Even more disturbing than that is the trend which much film study reveals. Though he has incredible initial burst, he fails to finish plays due to a lack of bend and flexibility to get by the offensive tackle. He often gets vertical, but can’t get back to the quarterback because he doesn’t dip his shoulder to get around the tackle.
This is ultimately a product of a bigger issue for him, though. Avril really doesn’t use his hands at all. He gets engaged with a blocker and never gets off him due to a lack of strength and lack of hand technique.
This also affects him in the run game, as he generally gets lodged in with the tackle and is basically at the mercy of the blocker as to whether he sets the edge or gets hammered inside. Too often, he works his way upfield, seemingly forgetting about the running game off tackle or in between the guards.
Avril’s Potential Role With the Saints
Though Cliff Avril has a ton of talent, there is still a lot of refining to his game that is necessary. He is still 25 (turns 26 on April 8). The Lions are reportedly considering slapping the franchise tag on him, but he wants a long-term contract in Detroit or elsewhere.
If he were to join up with the Saints, he would be synced up in Steve Spagnuolo's defense and instantly become the unit's go-to pass rusher. He would provide some scheme versatility and allow the Saints to move Cam Jordan inside in nickel situations, something Spagnuolo did often in New York with Justin Tuck.
He’s also a guy the Saints would clearly aim to move around the field with zone blitzes where he drops, and someone such as Roman Harper or Malcolm Jenkins takes his spot rushing the quarterback (one of the corners would play the safety’s spot).
As we saw in the Super Bowl this past season, and from Spag’s defense four years ago, an effective pass rush doesn’t consist of just one player. Combined with Will Smith, Cam Jordan, and hopefully, Syracuse’s Chandler Jones (scouting report on him forthcoming), Avril and the Saints could begin to feature an elite pass rush—one that gives opposing offensive line coaches and coordinators headaches for weeks.
But the greatest characteristic Avril possesses and would bring to New Orleans is his ability to cause turnovers. It seems he always stripping the quarterback or getting a hand on the ball. At the least, he finds ways to get to the quarterback and cause them to hurry their throws. The Saints need to add that quality to their defense.
Though many don’t know much about Avril, he is going to cost someone some money. The very fact the Lions would consider franchising him shows they think he’s quite a player. He fits their system well, but if coached well, would fit the Saints aggressive defense even better.
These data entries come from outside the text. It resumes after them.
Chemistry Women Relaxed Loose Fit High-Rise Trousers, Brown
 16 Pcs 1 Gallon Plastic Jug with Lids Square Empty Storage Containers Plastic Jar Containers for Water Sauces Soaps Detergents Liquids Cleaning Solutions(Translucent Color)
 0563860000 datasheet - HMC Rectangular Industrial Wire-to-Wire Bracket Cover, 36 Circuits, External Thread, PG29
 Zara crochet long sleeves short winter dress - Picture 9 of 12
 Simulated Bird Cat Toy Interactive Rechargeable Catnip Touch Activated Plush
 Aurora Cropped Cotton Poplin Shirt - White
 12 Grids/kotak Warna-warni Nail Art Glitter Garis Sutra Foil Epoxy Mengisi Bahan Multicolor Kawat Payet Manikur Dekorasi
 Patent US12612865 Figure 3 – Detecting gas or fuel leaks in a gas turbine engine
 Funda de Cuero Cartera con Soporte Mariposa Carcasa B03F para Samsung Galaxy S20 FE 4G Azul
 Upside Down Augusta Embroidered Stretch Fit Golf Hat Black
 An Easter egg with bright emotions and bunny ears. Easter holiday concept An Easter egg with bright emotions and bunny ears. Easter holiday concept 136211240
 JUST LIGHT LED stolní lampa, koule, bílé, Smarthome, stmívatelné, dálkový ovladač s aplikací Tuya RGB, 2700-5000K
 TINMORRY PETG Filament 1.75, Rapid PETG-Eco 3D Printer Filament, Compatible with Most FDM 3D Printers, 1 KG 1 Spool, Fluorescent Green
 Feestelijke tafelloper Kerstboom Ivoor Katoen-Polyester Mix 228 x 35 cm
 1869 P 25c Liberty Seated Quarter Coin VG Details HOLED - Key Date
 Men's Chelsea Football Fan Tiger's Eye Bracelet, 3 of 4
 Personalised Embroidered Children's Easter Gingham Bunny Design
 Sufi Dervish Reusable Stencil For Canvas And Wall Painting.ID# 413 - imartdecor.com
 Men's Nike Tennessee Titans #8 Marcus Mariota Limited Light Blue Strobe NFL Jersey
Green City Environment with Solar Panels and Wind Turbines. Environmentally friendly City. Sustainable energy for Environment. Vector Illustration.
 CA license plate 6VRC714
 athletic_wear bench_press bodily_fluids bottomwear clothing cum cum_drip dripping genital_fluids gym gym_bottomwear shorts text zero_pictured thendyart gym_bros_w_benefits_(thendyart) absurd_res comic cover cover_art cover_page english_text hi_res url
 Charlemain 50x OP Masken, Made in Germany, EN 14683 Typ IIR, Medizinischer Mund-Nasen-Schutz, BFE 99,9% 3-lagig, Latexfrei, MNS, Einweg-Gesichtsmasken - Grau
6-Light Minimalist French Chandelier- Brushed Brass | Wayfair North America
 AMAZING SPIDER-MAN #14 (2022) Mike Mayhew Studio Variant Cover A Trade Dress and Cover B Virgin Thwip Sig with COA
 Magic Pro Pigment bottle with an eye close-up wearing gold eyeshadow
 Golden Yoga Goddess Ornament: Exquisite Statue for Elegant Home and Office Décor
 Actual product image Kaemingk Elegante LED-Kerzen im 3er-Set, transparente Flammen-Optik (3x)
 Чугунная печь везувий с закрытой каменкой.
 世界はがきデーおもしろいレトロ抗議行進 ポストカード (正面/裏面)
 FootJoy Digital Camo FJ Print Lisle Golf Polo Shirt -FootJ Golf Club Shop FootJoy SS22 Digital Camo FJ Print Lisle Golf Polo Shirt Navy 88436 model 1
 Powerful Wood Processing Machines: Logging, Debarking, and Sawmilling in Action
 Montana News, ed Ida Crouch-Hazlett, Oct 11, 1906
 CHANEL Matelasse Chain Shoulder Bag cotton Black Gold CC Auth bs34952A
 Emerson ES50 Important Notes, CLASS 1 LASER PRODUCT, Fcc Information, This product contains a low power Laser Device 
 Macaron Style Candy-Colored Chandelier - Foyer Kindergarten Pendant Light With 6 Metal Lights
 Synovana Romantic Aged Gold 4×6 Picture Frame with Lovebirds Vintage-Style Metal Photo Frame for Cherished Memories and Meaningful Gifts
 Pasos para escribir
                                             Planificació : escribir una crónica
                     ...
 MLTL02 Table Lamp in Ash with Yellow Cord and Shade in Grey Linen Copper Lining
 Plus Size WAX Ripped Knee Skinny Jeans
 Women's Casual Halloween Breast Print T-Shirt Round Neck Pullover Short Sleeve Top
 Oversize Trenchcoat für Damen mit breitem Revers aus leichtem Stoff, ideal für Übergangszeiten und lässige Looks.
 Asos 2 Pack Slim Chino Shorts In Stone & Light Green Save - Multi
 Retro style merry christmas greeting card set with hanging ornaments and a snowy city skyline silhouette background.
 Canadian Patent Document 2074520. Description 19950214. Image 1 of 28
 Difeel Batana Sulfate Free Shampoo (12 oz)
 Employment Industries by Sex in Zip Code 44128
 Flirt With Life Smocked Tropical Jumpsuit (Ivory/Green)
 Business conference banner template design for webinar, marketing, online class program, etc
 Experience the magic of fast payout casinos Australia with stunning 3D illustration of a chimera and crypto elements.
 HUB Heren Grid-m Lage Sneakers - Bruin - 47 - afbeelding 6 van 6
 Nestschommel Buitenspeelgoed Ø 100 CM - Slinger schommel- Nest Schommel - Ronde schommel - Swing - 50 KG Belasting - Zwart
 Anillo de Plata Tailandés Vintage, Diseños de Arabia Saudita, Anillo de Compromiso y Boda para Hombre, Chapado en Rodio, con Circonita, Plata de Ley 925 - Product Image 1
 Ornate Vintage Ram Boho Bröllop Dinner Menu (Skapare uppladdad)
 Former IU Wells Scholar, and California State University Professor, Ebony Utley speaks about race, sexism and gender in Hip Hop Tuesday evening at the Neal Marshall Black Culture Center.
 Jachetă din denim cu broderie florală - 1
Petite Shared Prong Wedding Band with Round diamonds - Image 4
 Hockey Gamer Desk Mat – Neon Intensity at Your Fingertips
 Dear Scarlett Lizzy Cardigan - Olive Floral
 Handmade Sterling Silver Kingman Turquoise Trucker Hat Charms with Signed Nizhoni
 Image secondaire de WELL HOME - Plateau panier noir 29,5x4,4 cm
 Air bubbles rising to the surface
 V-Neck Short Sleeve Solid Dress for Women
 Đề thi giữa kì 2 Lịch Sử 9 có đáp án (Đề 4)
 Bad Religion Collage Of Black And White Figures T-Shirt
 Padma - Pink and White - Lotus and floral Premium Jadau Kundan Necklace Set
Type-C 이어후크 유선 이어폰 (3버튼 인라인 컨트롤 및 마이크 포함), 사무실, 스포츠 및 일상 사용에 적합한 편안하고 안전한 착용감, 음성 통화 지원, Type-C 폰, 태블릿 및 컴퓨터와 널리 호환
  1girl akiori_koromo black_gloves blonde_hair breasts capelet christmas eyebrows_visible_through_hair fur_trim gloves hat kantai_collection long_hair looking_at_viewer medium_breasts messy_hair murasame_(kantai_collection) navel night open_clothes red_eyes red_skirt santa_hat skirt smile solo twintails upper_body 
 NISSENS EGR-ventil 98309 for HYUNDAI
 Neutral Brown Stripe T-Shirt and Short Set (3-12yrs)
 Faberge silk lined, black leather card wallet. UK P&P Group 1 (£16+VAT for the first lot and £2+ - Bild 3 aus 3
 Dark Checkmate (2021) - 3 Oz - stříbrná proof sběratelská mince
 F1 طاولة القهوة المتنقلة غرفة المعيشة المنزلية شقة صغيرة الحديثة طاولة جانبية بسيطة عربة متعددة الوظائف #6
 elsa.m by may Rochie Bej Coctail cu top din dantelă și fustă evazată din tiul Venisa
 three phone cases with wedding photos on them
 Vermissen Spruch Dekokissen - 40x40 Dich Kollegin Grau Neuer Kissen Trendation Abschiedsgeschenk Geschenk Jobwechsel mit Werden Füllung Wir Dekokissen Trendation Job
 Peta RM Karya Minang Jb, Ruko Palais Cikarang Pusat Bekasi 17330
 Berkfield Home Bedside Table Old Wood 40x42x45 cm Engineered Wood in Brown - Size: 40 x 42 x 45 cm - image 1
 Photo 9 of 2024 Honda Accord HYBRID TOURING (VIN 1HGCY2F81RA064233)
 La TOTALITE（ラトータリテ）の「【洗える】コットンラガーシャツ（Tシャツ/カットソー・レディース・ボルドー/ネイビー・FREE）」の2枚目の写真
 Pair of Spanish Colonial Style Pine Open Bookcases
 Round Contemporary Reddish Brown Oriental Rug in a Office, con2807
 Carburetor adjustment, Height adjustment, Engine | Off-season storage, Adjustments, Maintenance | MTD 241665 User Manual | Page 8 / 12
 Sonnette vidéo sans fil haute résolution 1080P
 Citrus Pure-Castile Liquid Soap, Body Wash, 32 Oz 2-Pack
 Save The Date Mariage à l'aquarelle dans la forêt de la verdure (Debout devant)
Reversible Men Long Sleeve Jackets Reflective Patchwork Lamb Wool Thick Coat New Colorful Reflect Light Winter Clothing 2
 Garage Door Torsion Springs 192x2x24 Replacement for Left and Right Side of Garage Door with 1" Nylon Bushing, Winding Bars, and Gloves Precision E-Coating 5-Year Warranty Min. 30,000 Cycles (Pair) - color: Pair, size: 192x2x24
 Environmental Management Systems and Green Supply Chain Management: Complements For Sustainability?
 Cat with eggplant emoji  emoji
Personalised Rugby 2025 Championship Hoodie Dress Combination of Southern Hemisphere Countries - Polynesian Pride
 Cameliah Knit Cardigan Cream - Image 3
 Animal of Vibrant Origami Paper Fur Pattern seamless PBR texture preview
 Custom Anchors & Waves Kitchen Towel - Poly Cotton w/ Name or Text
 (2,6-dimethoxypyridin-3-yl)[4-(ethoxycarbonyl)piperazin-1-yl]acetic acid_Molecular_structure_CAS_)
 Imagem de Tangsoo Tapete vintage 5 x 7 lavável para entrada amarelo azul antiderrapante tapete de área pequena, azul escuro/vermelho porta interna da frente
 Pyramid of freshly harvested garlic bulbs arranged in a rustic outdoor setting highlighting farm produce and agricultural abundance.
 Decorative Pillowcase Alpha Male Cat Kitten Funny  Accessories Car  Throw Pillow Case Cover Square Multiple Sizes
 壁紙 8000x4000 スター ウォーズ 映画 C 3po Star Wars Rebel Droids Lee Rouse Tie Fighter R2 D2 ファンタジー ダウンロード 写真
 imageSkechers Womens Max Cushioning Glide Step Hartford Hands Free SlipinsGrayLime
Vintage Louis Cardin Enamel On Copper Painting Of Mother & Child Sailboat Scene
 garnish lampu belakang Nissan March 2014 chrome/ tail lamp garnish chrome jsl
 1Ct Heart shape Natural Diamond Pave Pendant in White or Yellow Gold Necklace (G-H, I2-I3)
Handing him large sums of money may seem scary for any franchise given his obvious immaturity on the football field. He was flagged for some egregious plays during the season and jumped offside more often than any other defender (strictly a guess).
But coming to a team with strong veteran leadership and an atmosphere wreaking of discipline would certainly aide the super-talented young man. Whether it happens or not, I’ve got to think Spagnuolo is begging Sean Payton and Mickey Loomis to consider a player of Avril’s equal ability.
We all know the Saints need that. Time will tell just who that player turns out to be.